22. Fermento in Roma.
A Roma il fermento era spaventoso. L'attacco diretto da Druso contro i tribunali dei cavalieri e la precipitosa sua caduta cagionata dal partito di questi, la guerra processuale di Vario, che era come una spada a due tagli, avevano messo la più aspra discordia tra l'aristocrazia e la borghesia, come pure tra i moderati e gli intransigenti.
Gli avvenimenti avevano data piena ragione al partito di quelli che inclinavano alle concessioni; più della metà di quanto essa aveva proposto di concedere spontaneamente si dovette concedere per forza; ma il modo con cui questa concessione fu fatta, rivestiva, come il primo rifiuto, il carattere di testarda e sciocca invidia.
Invece di concedere l'eguale diritto a tutti i comuni italici, si accontentarono di dare alla disposizione una forma diversa. Un gran numero di comuni italici era stato ammesso nel consorzio dei cittadini romani, ma le concessioni che si facevano erano ingiuriose, i neo cittadini accanto ai vecchi stavano presso a poco come gli emancipati vicino ai nati liberi. I comuni posti tra il Po e le Alpi si sentirono, per la concessione del diritto latino, più irritati che soddisfatti.
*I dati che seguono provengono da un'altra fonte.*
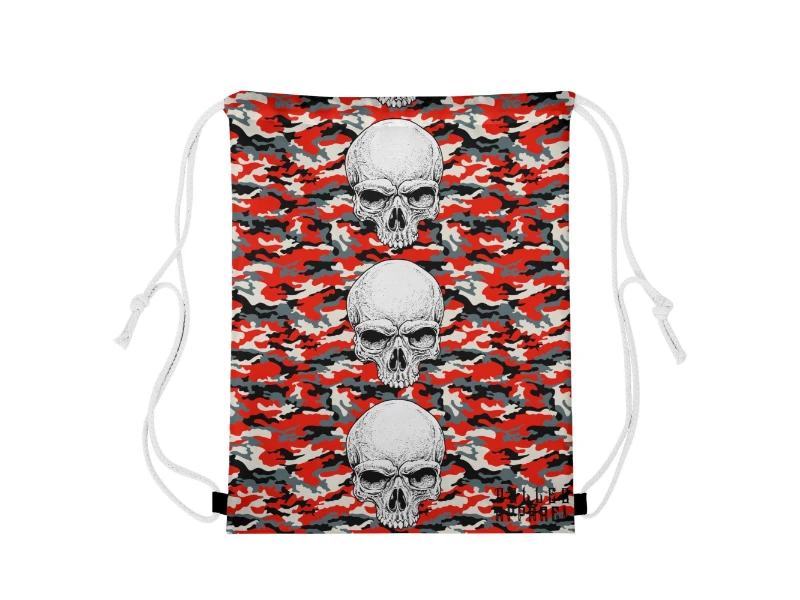 Red Camouflage & Skull Men's Premium PU Leather High Top Sneakers-V2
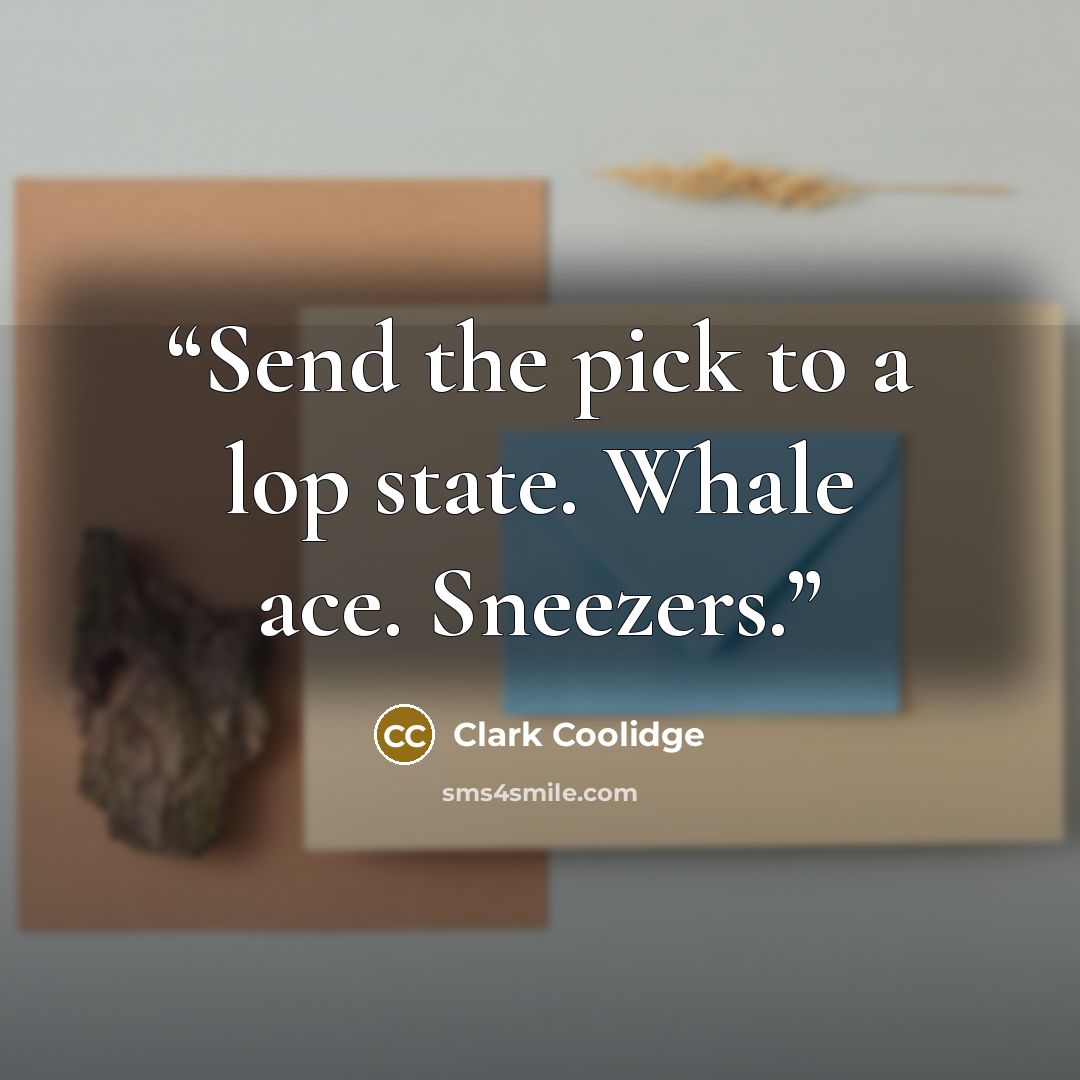 “Send the pick to a lop state. Whale ace. Sneezers.” quote by Clark Coolidge
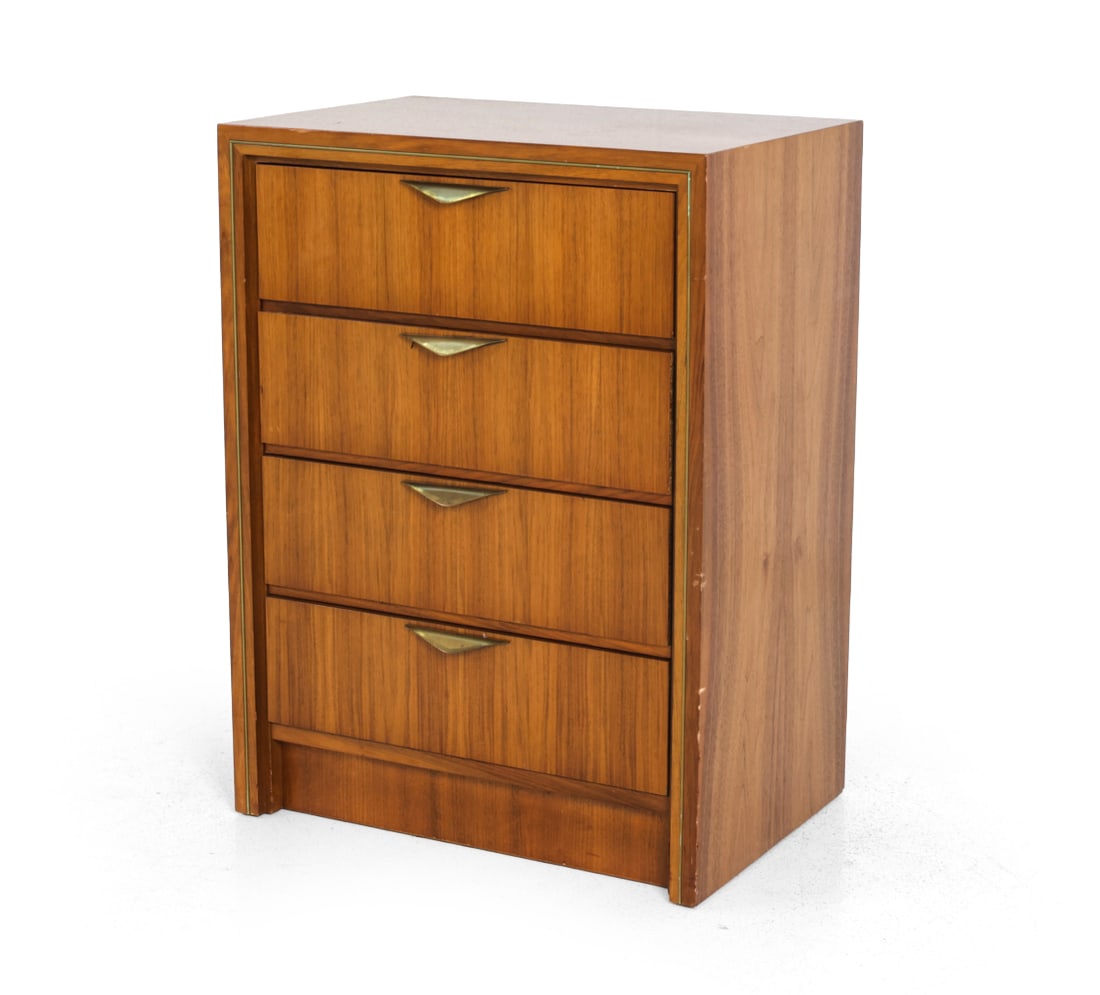 GERMAN WALNUT CHEST OF DRAWERS C. 1950S: Walnut veneer frame and brass pulls. Marked to back. Germany, circa 1950s. Dimensions: H 31" x W 23" x D 16" Condition: Rubs, dings, small gouges to proper right side bottom edge, Some losses to
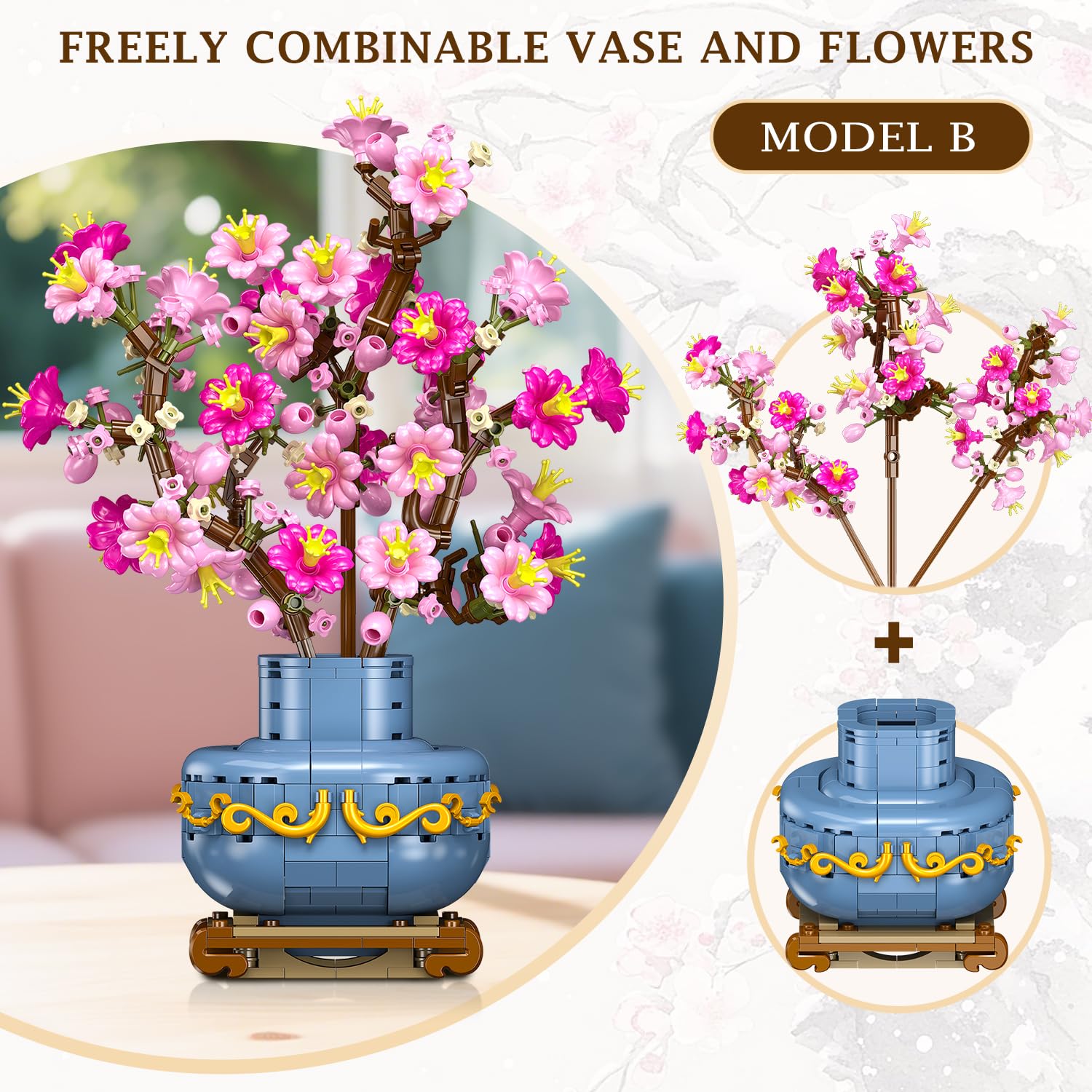 HOGOKIDS Set di bonsai con fiori di ciliegio, 2 in 1, pietre artificiali per bonsai per la casa, esposizione, fiori botanici, giocattolo da costruzione, regalo di compleanno per adulti (775 pezzi)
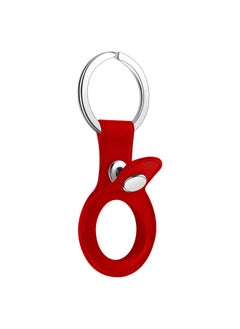 Generic Suitable For Apple Airtag Protective Cover For Apple Positioning Anti-loss Device Airtag Leather Hanging Buckle Anti-loss Protective Cover-Color:Red-Applicable Models:Airtag  - Image 1
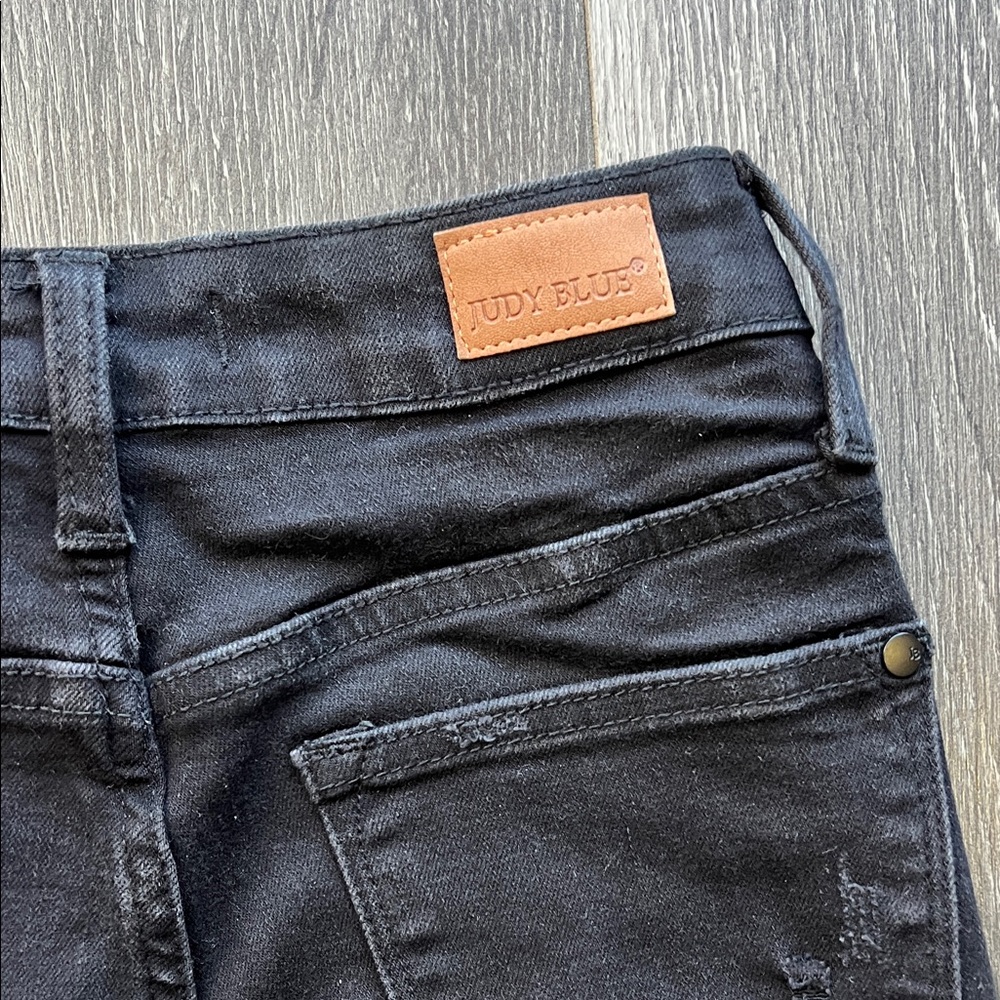 Judy Blue Black Distressed Skinny Jeans - Picture 6 of 6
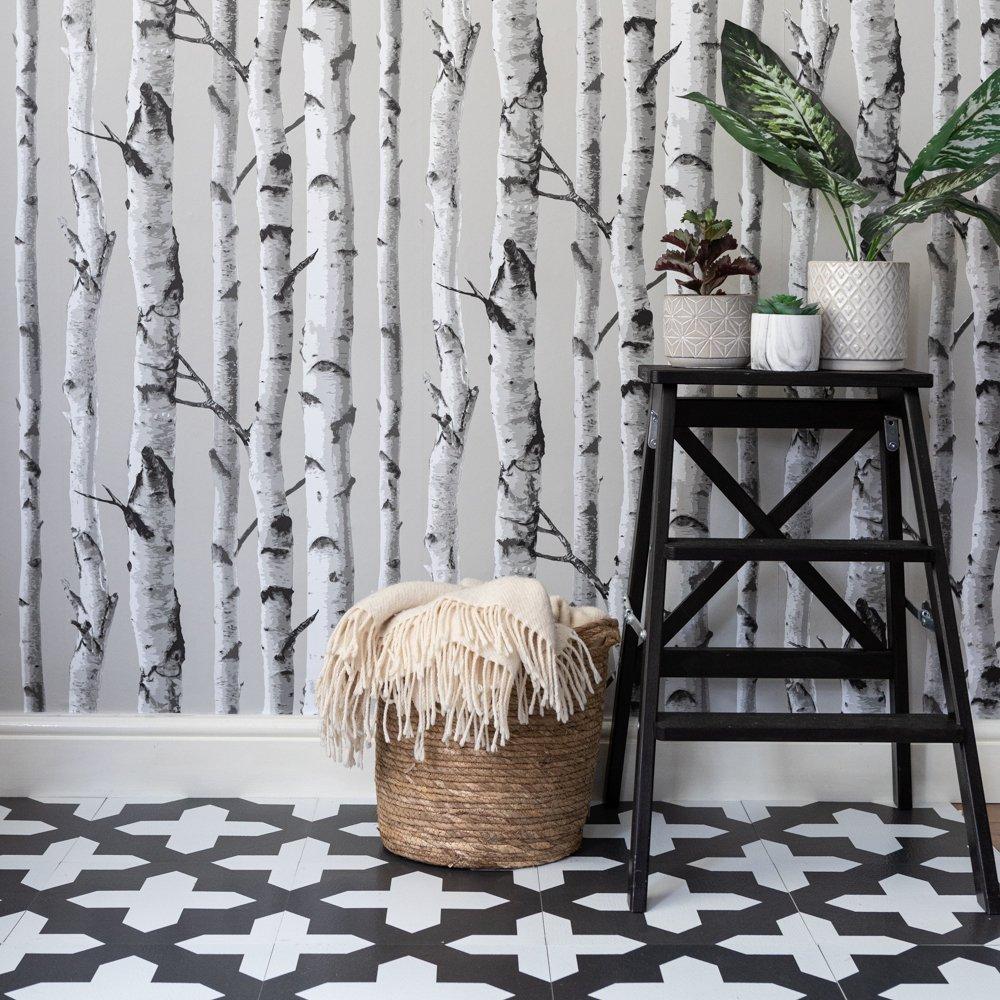 Wall Pops  Self Adhesive Wallpaper Birch Tree - Grey - 52CMX5.49M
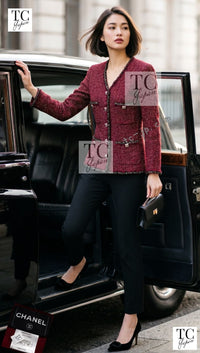 CHANEL Cape Coat Black Red Trim Metallic Tweed Poncho 38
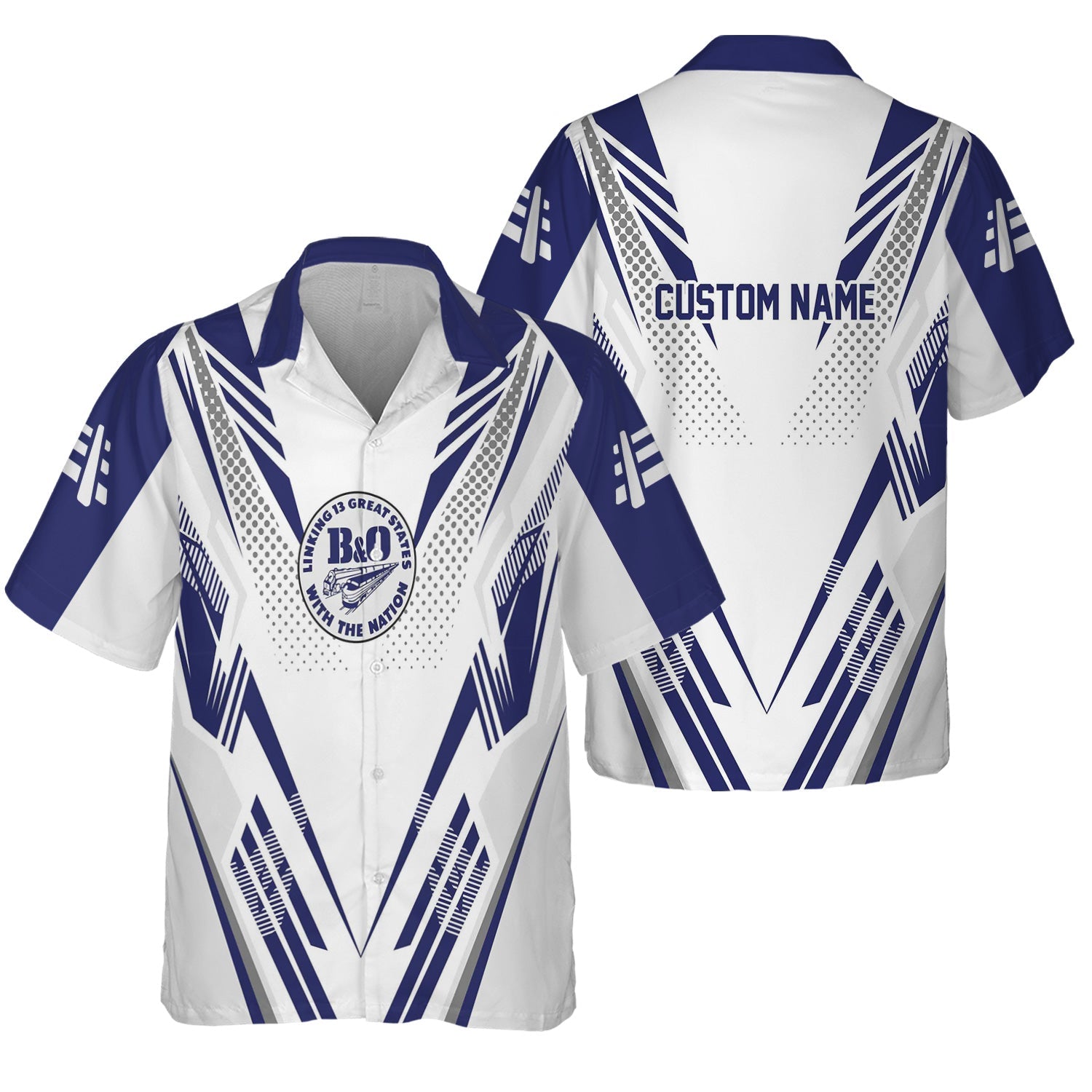 Railspirit Personalized B&O Great States Railroad Hawaiian Shirt Railroad Tribute Design Train Shirt for Train Lovers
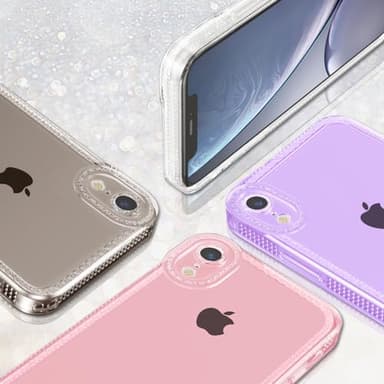 ZTOFERA Designed for iPhone XR 6.1 inch,Cute Clear Case for Women Girls,Sparkly Glitter Bling Flexible Soft TPU Silicone Bumper Protective Cover for iPhone XR,Gray - Image 4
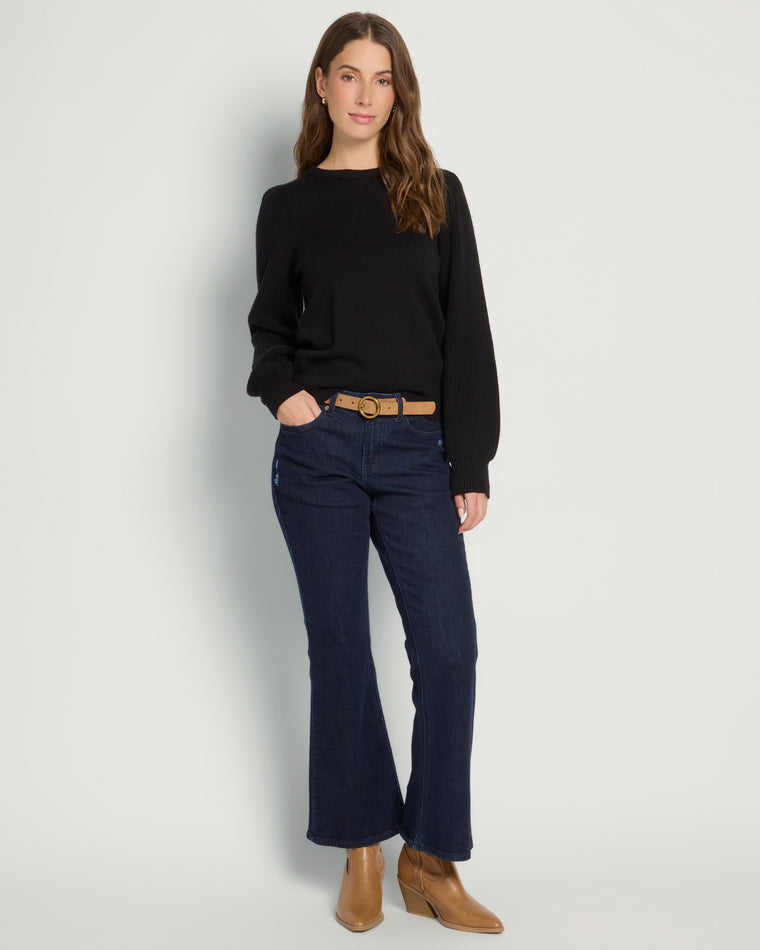 Black $|& SEAS Pacific Puff Shoulder Crew Neck Sweater - UGC On Fig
Finalmente non solo si rifiutò il diritto di cittadinanza ad una considerevole e non peggiore parte degli Italici, a tutti i comuni insorti nuovamente sottomessi, ma a questi stessi non vennero nemmeno riconfermati legalmente i loro antichi trattati, annullati dalla insurrezione, tutt'al più furono loro rinnovati in via di grazia, e facendoli revocabili ad arbitrio[13].
La restrizione del diritto di votazione era tanto più offensiva, quanto era più politicamente insensata, quando si consideri la condizione in cui allora si trovavano i comizi, e come questa simulata cura del governo a mantenere immacolata la purità delle elezioni dovesse infine parere ridicola ad ogni uomo spregiudicato; tutte queste restrizioni erano pericolose, potendo servire ad altri scopi ad ogni demagogo che si facesse propugnatore delle più o meno giuste domande tanto dei neo-cittadini quanto degli Italici esclusi dal diritto di cittadinanza.
Se quindi i più avveduti dell'aristocrazia dovettero trovar queste mezze e sfavorevoli concessioni non meno sufficienti che i neo cittadini e gli stessi esclusi, essi si accorsero anche con dolore della scomparsa di parecchi ragguardevoli uomini, che la commissione promossa da Quinto Vario per giudicare i delitti d'alto tradimento aveva mandato in esilio.
E si avvidero che tanto più difficile riusciva il richiamarli non essendo essi stati condannati da un giudizio del popolo, ma da un giudizio dei giurati; giacchè quanto facilmente un plebiscito, anche di natura giudiziaria, si cassava con un altro plebiscito, altrettanto la cassazione di un verdetto di giurati col mezzo del popolo sembrava appunto ai migliori dell'aristocrazia un esempio assai pericoloso.
Così dell'esito della crisi italica non erano contenti nè gli estremisti nè i moderati.
Ma un più profondo rancore opprimeva il cuore di Mario.
Il nobile vecchio, che era andato con nuove speranze alla guerra d'Italia, ne era suo malgrado ritornato colla coscienza di aver prestato nuovi servigi e di averne raccolte nuove gravissime afflizioni, coll'amaro sentimento di non incutere più alcun timore ai nemici, ma di esserne poco stimato, e con quel verme di vendetta in cuore che trovava alimento nel suo proprio veleno.
Anche di lui si poteva dire ciò che si disse dei neo cittadini e degli esclusi: inetto e disgraziato come si era dimostrato, il suo nome popolare era un'arma terribile in mano di un demagogo.